DATA FOR THIS EXERCISE:
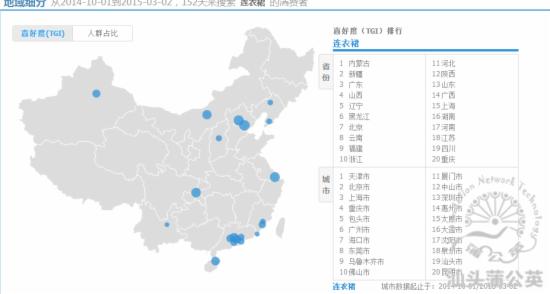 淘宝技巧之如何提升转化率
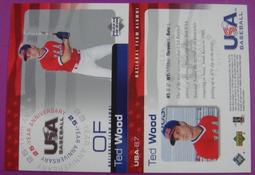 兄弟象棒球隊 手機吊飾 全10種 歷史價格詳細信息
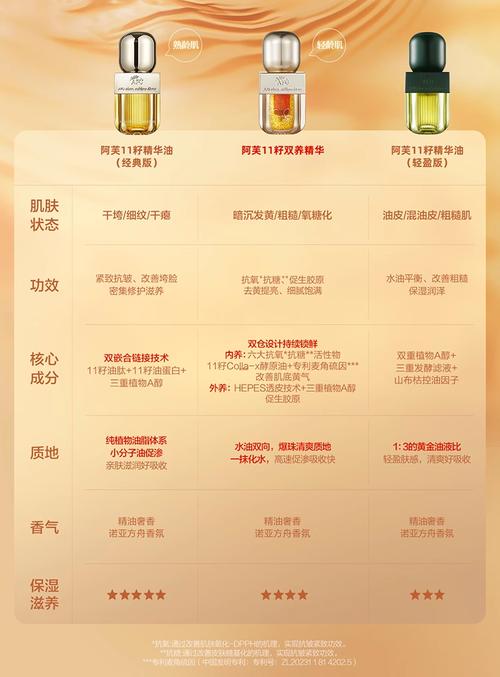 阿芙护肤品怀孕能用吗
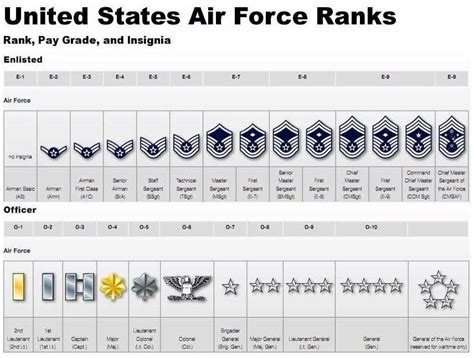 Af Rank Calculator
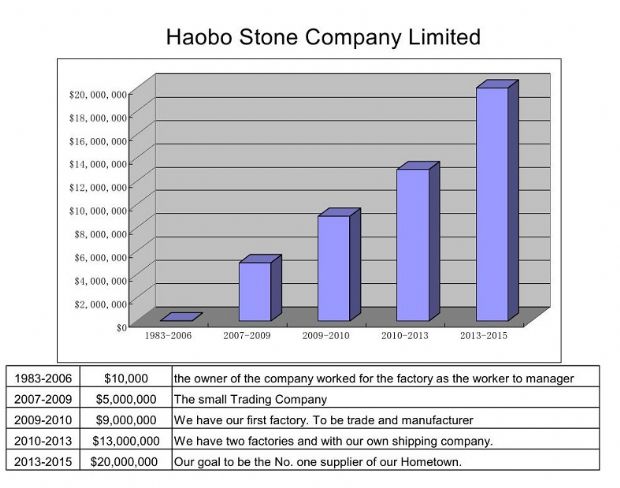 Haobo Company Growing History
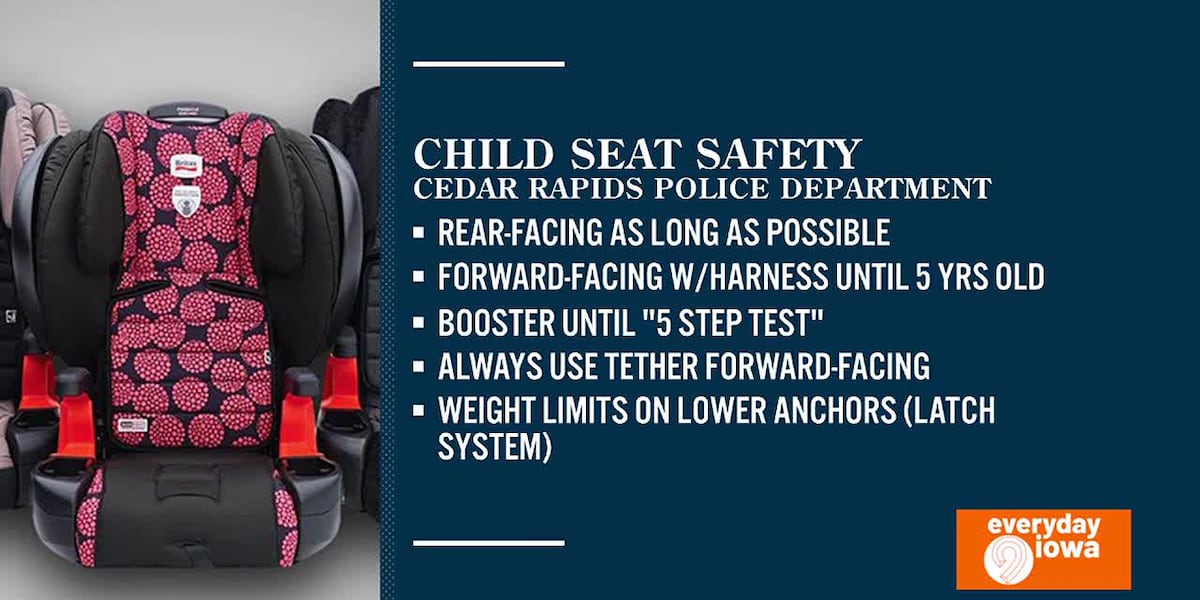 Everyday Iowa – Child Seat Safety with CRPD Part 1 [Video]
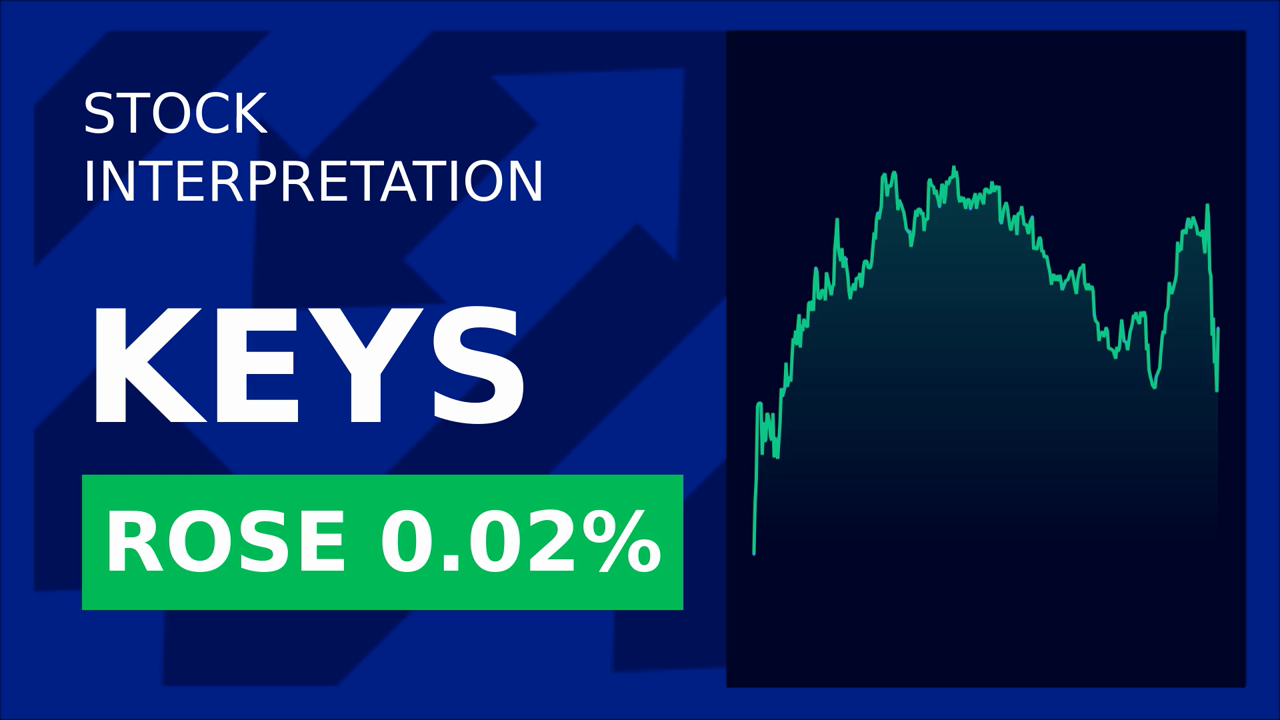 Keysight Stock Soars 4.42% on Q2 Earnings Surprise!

--

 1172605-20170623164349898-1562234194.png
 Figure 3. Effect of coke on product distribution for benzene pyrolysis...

BRIEF: Print exactly the lines above that run from the one with "淘宝技巧之如何提升转化率" to the one with "Keysight Stock Soars", both included. No pictures.

WRITTEN REPLY:
 淘宝技巧之如何提升转化率
 兄弟象棒球隊 手機吊飾 全10種 歷史價格詳細信息
 阿芙护肤品怀孕能用吗
 Af Rank Calculator
 Haobo Company Growing History
 Everyday Iowa – Child Seat Safety with CRPD Part 1 [Video]
 Keysight Stock Soars 4.42% on Q2 Earnings Surprise!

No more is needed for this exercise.